Repeat the data exactly, please; no pictures belong in the copy.

-- Dataset extract --
++++

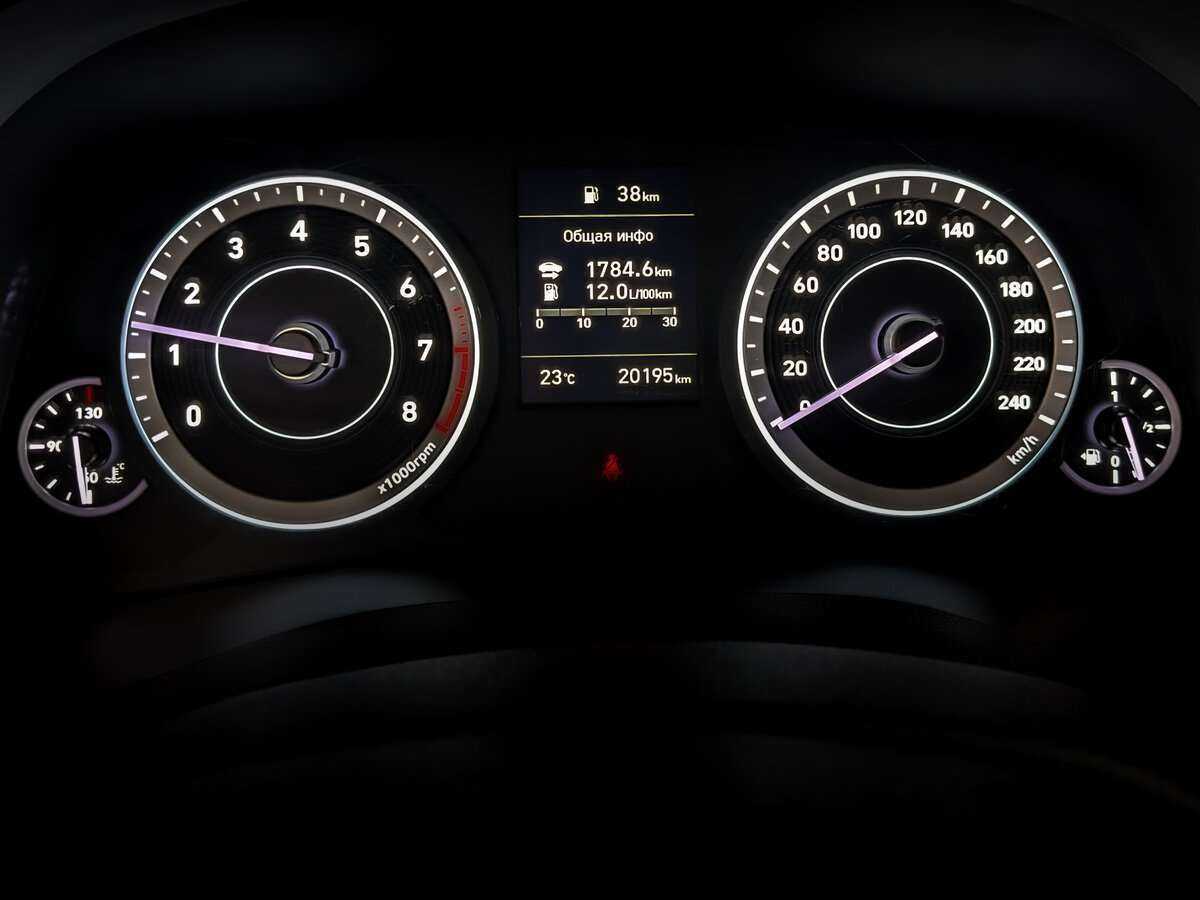 Купить Hyundai Creta с пробегом. Фото: #10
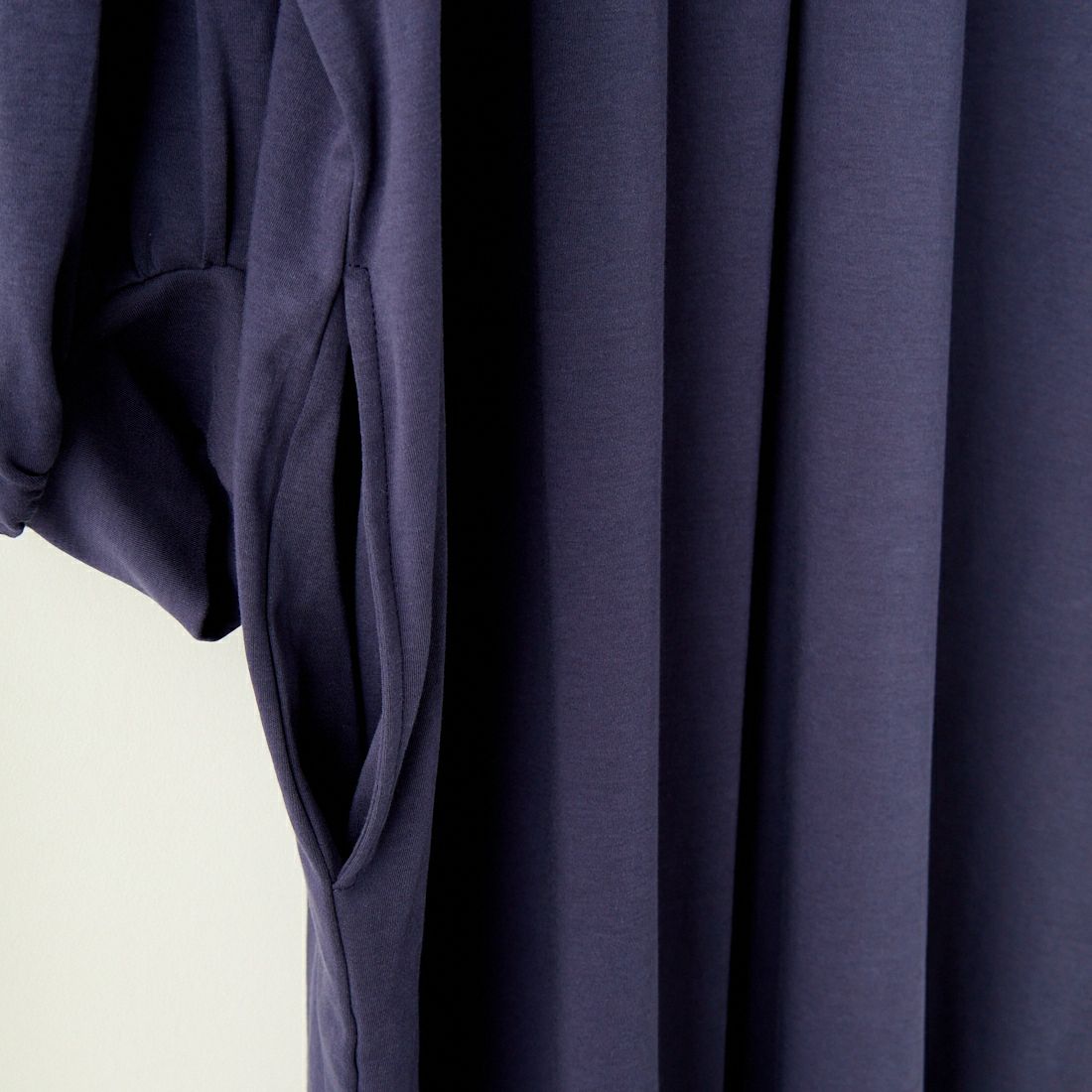 Jeans Factory Clothes [ジーンズファクトリークローズ] ラガーワンピース [143613] 48 ﾈｲﾋﾞｰ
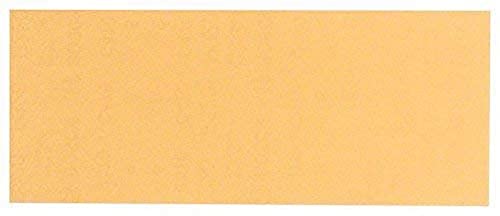 Bosch 2608605687 Sandpaper Sheets Pack of 10 SS 93 x 230 Unperforated W:P Grit 40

++++

-- Solved problem --
 Купить Hyundai Creta с пробегом. Фото: #10
 Jeans Factory Clothes [ジーンズファクトリークローズ] ラガーワンピース [143613] 48 ﾈｲﾋﾞｰ
 Bosch 2608605687 Sandpaper Sheets Pack of 10 SS 93 x 230 Unperforated W:P Grit 40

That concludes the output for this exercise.